-- WORK ORDER --
Your answer should hold exactly the lines below from the line with "Voiture RC 4x4" through the line with "Fender Vintera Mod", both included, and no pictures at all.

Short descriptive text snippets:
__________
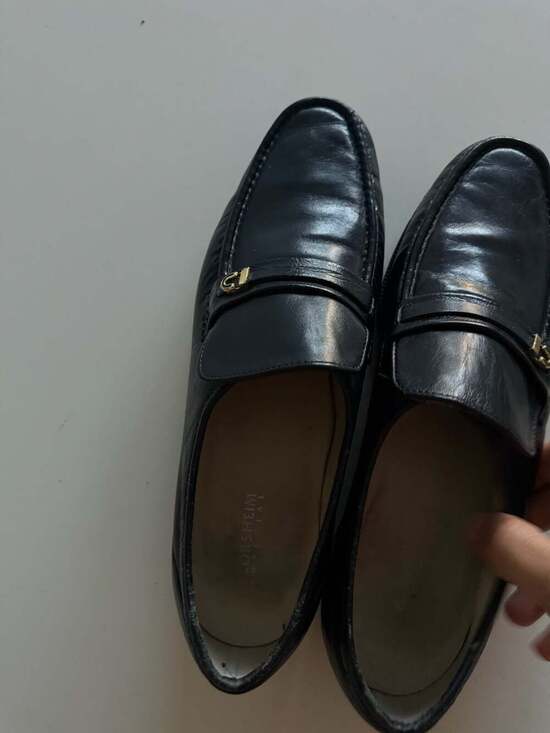 Milano Moc Toe Bit Loafer Men\'s Dress Shoes main image 8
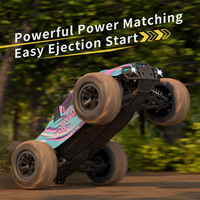 Voiture RC 4x4 35 km/h 1/16, Véhicule Tout-Terrain Télécommandé 2,4 GHz, 4 Canaux, Modèle de Course, Drift, Escalade, Jouet Électrique en Métal pour Experts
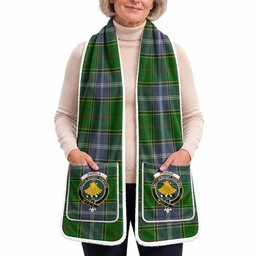 Pringle Tartan Crest Pocket Scarf - Ultimate Plaid Gift Wrap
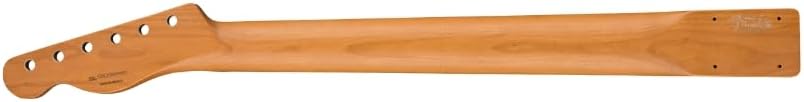 Fender Vintera Mod 60s Telecaster Neck, Roasted Maple, C Shape, 21 Medium Jumbo Frets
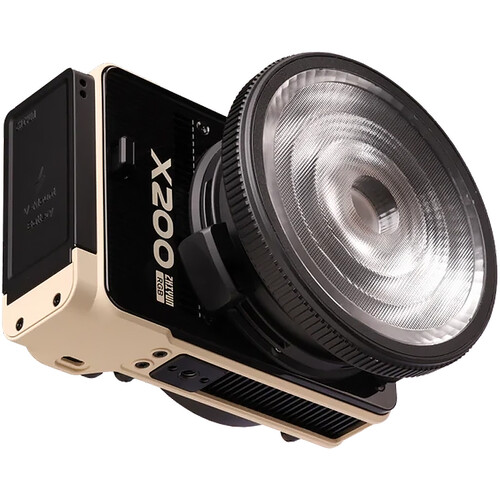 Zhiyun Molus X200 RGB COB LED Light (Combo Kit)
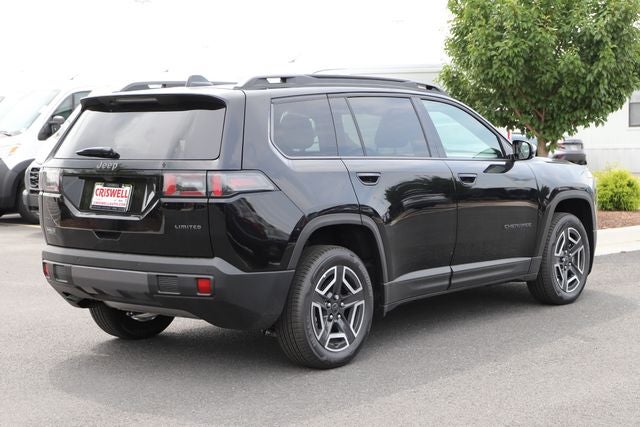 2026 Jeep Cherokee CHEROKEE LIMITED 4X4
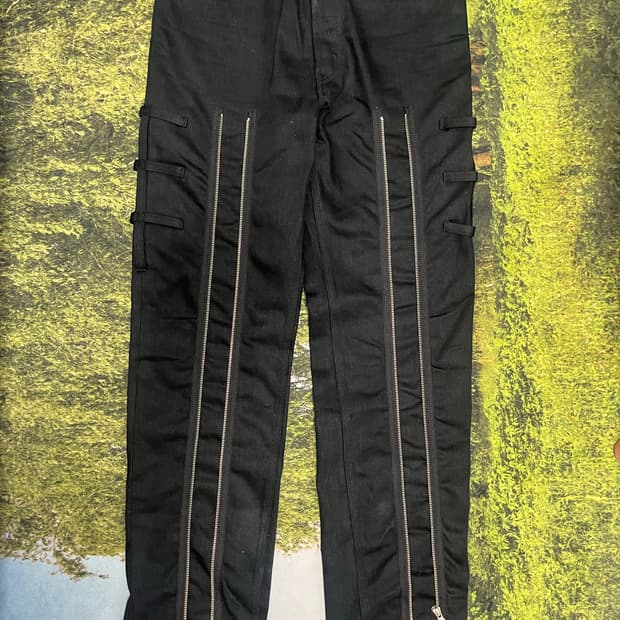 솔로이스트 본디지 데님팬츠 50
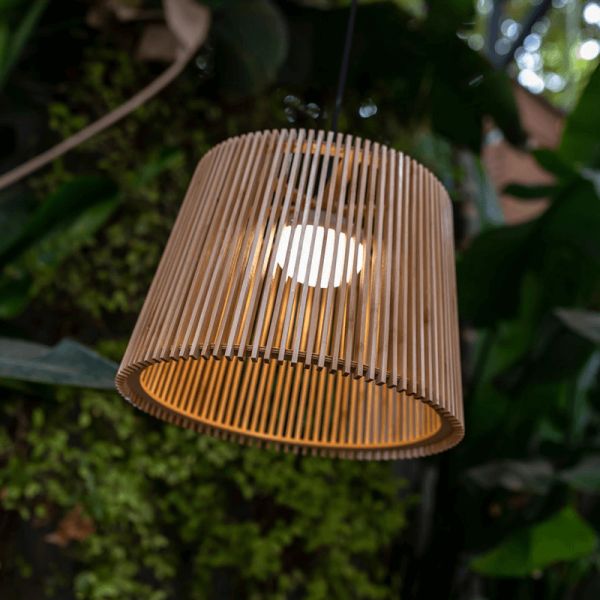 Candeeiro suspenso Okinawa 40 Hang para utilização no exterior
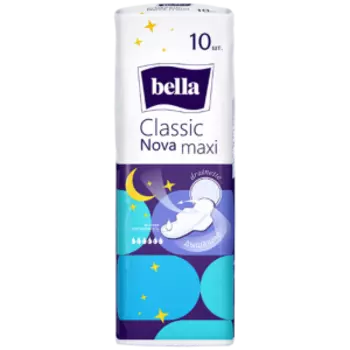 прокладки гигиенические BELLA Classic Nova maxi 10шт
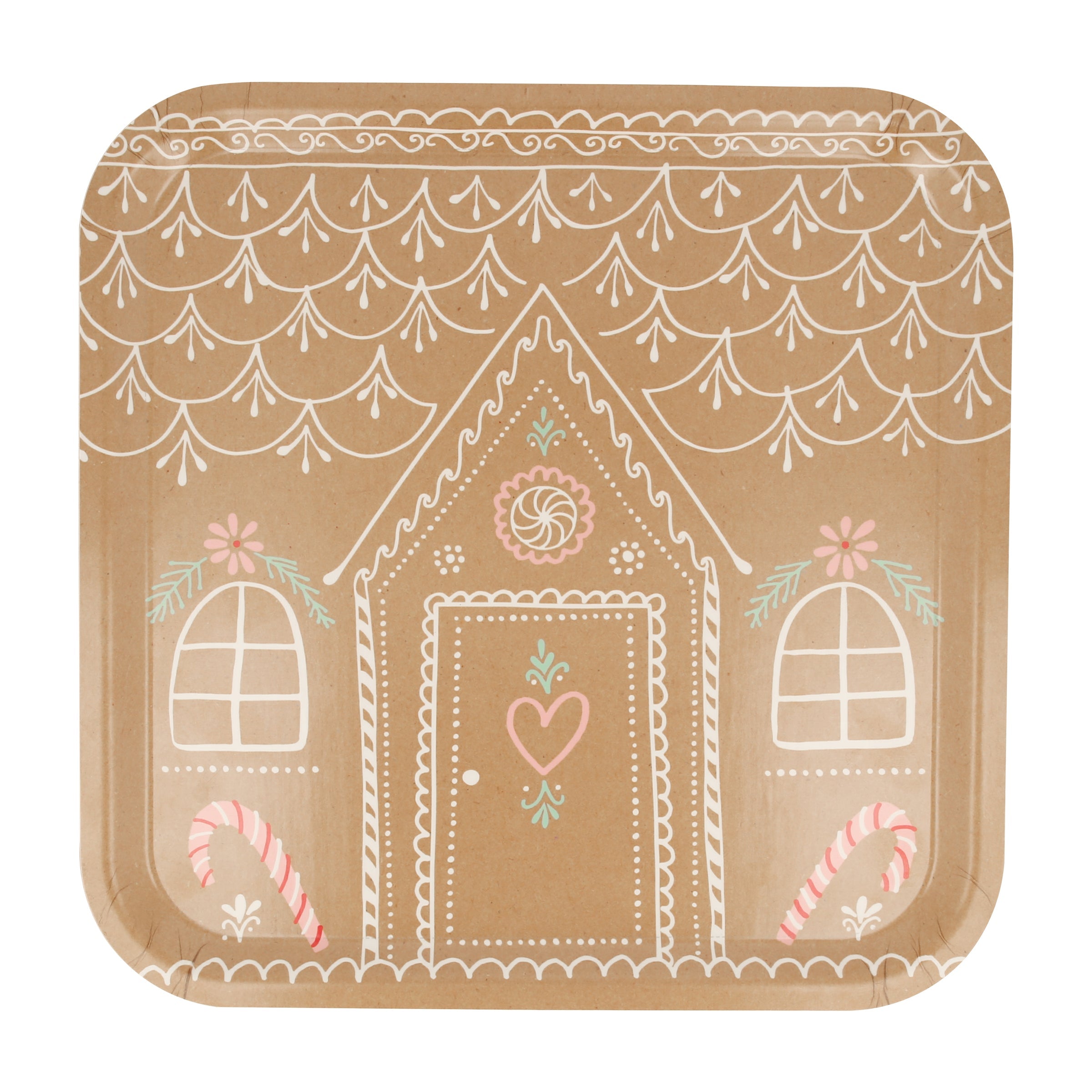 Lenox Heritage Lenox Heritage Gingerbread House Tray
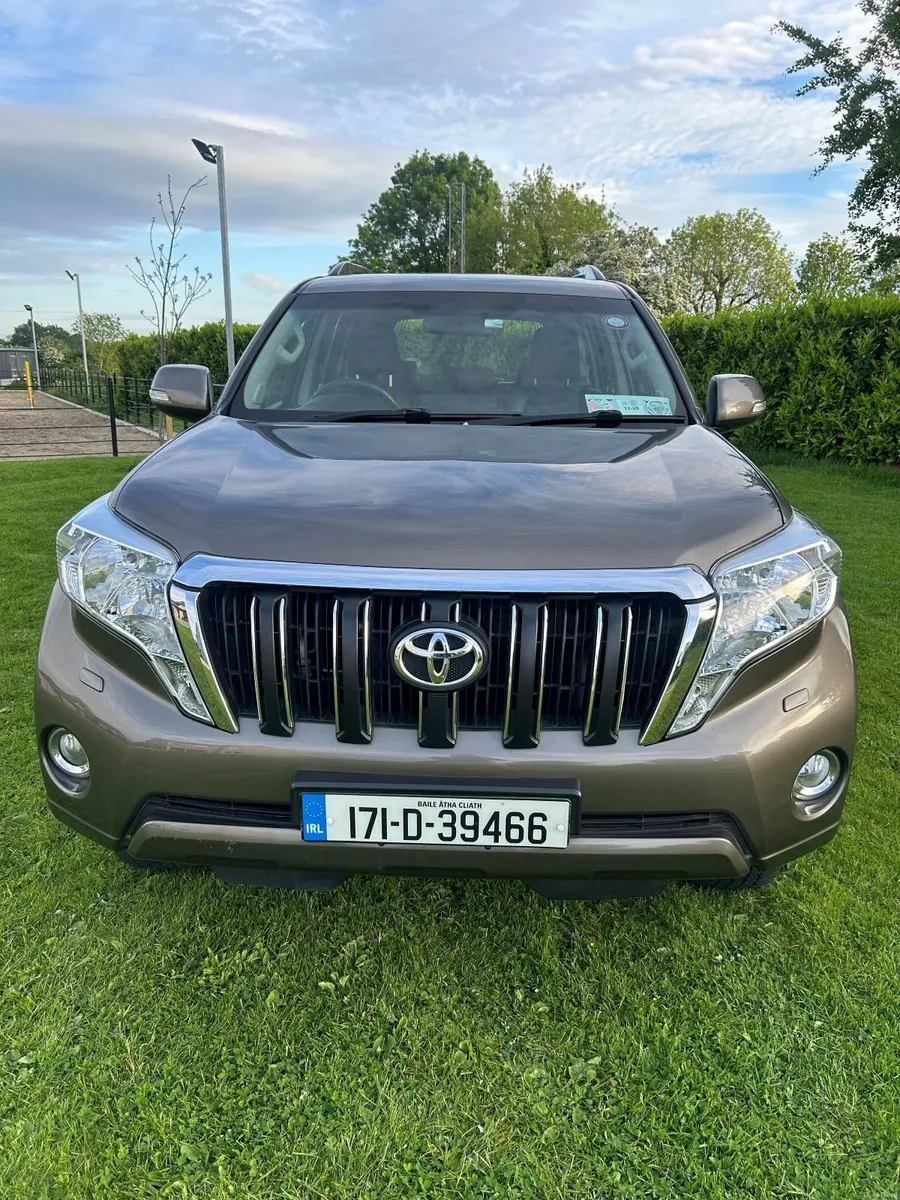 Toyota Land Cruiser 2017 - Image 3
__________
-- ANSWER --
 Voiture RC 4x4 35 km/h 1/16, Véhicule Tout-Terrain Télécommandé 2,4 GHz, 4 Canaux, Modèle de Course, Drift, Escalade, Jouet Électrique en Métal pour Experts
 Pringle Tartan Crest Pocket Scarf - Ultimate Plaid Gift Wrap
 Fender Vintera Mod 60s Telecaster Neck, Roasted Maple, C Shape, 21 Medium Jumbo Frets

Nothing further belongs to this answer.